I have been using R, mostly happily, for the past 6 or 7 years, for its variety of statistical and machine learning packages and the relative ease of producing nice-looking plots. At the same time I am a big user of Python for things that R really doesn’t do that well, such as large-scale string manipulation. I had been aware of scikit-learn (or sklearn) for a while as a potential way to be able to do “everything” in Python including stats and plotting, but never really felt the pull to start using it. In the beginning, it felt too immature; later, it felt too messy when I looked at the documentation.

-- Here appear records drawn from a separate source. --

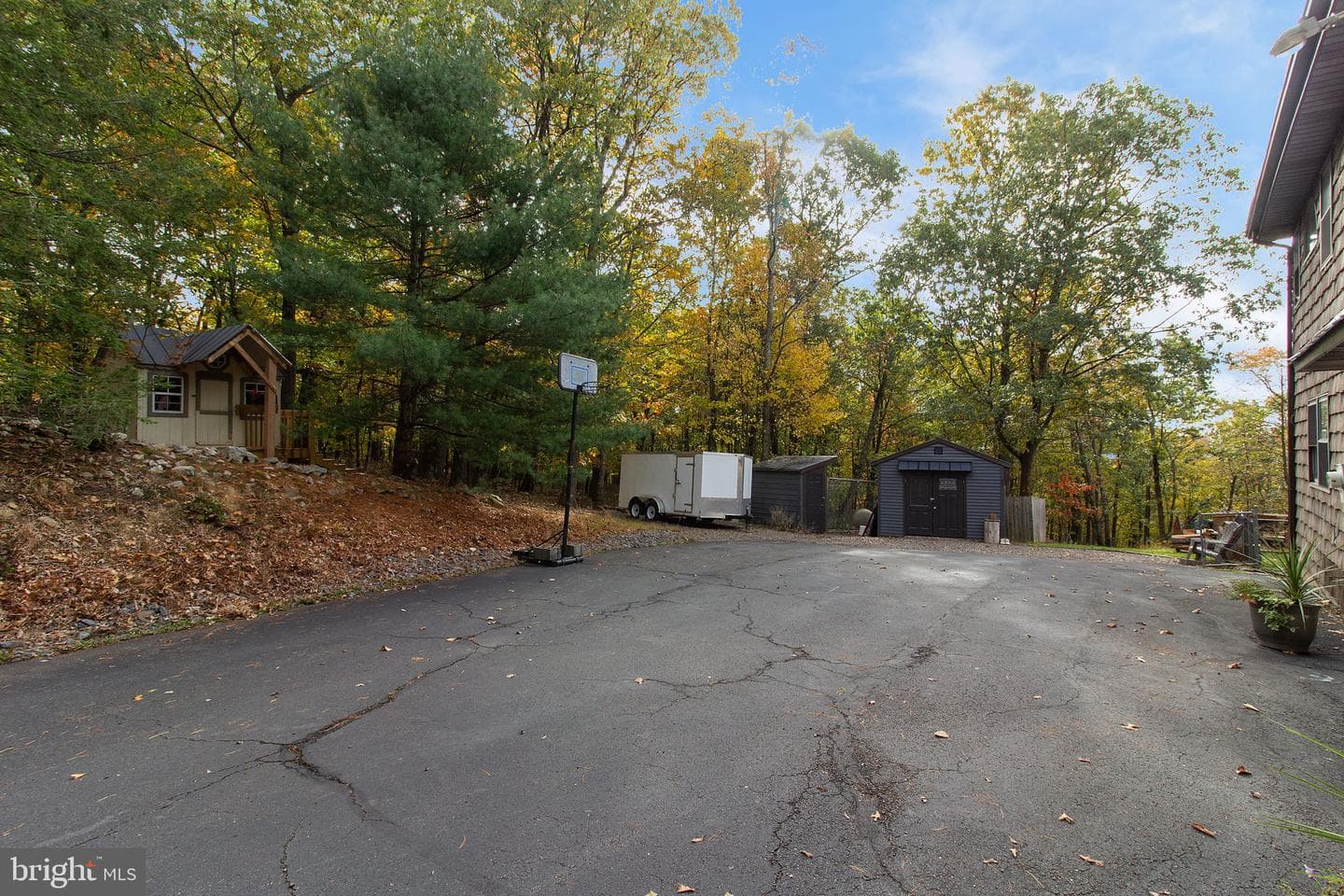 56 Bentwood Road photo 52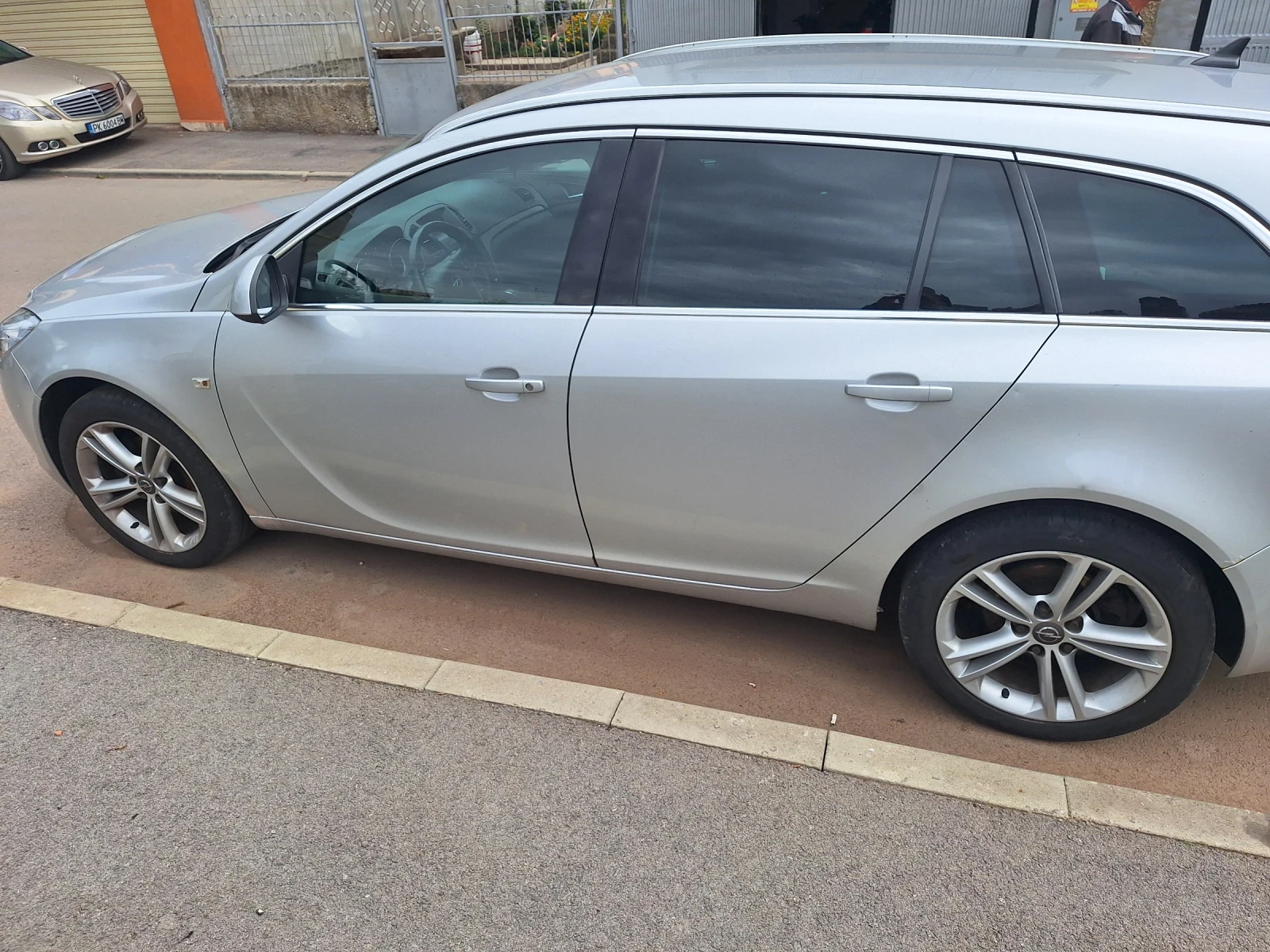 Opel Insignia  - изображение 2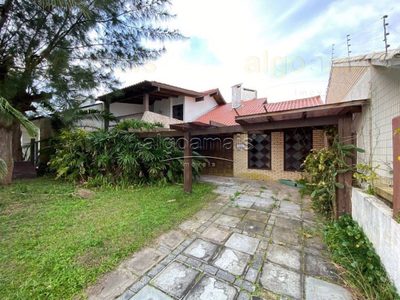 Casa, 4 quartos, 259 m² - Foto 1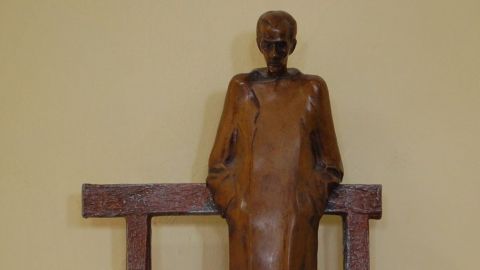 Statue of Miklós Radnóti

Last week, however, I came across a really good tutorial by Jake Vanderplas that finally made sklearn click for me and perhaps will push me over the edge to start using it. (I don’t expect to leave R any time soon, though…) The tutorial shows, step by step, how to divide your data set into training and test sets, fit models and make predictions, perform grid searches for parameter settings, plot learning curves etc.
Deep learning is another subject (although much bigger than sklearn of course) that I have kept up a passing interest in but never really looked into properly, because I wasn’t sure where to start. The new book Deep learning: Methods and applications (PDF link) by Li Deng and Dong Yu seems like a good place to start. I’ve only read a few chapters, but so far it has done a good job of clarifying terms and putting deep learning methods into a historical context.